Adaletin eksikliği nasıl ülkemizdeki güveni yok ediyorsa, yine adalet eksikliğine bağlı olarak gelişen yolsuzlukların artması daha da yok ediyor. Ülkede yolsuzluğa bulaşmayanı bulamazsınız. Eğer yolsuzlukla kişisel çıkar elde etmeyenler çoğunlukta olsa büyük bir itiraz toplumda duyulurdu. Toplumu oluşturan bireyler, yolsuzlukları kabul ettiğine göre hukuka, adalete aykırı bir kişisel çıkar elde etmiştir. Ortadoğu halklarının hayatında ufak tefek adaletsizlikler yüzlerce yıldır vardı. Adeta genetiğimize işlenmiş bir kod var. Adaleti, demokrasiyi, insan haklarını, kadın ve çocuk haklarını Cumhuriyetimizin yüzüncü yılına geldiğimiz halde biz de benimseyemedik. Onun yerine adaletsizlik ve yolsuzlukları kabul ederek, bunları hayat tarzı ve iş olarak yapanları alkışlayarak, hatta meclise göndererek destekliyoruz. Bunu neden yapıyoruz? Belki hukuksuz bir işimiz var, belki işe yaramaz ama gözümüz gibi koruduğumuz akrabalarımızı devlet memuru yapacağız, ballı ihaleler almayı bekliyoruz.

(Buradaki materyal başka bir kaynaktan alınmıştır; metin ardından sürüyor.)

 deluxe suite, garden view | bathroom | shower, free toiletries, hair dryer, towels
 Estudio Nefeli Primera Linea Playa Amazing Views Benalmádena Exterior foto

Bu seçimin yolsuzlukları da meclisten teker teker geçiyor. Memurlara 3600 göstergeden maaş, tüm memurların ast üst ilişkisini maaşlar açısından yerinden oynattı. Çözülemez sorunlar bırakacak ve yeni yasalar çıkarmadan çözülemeyecek hale getirdi. En azından onlarca yıl hak ettiği 3600 göstergenin ekstra primlerini ödeyerek emekli olanlarla, hiç ekstra prim ödemeden artık aynı maaşı alan memur emeklileri arasında adaletsizlik oluştu. Çalışan ama 3600 ek göstergeyi alan memurların maaşları bu nedenle düştü.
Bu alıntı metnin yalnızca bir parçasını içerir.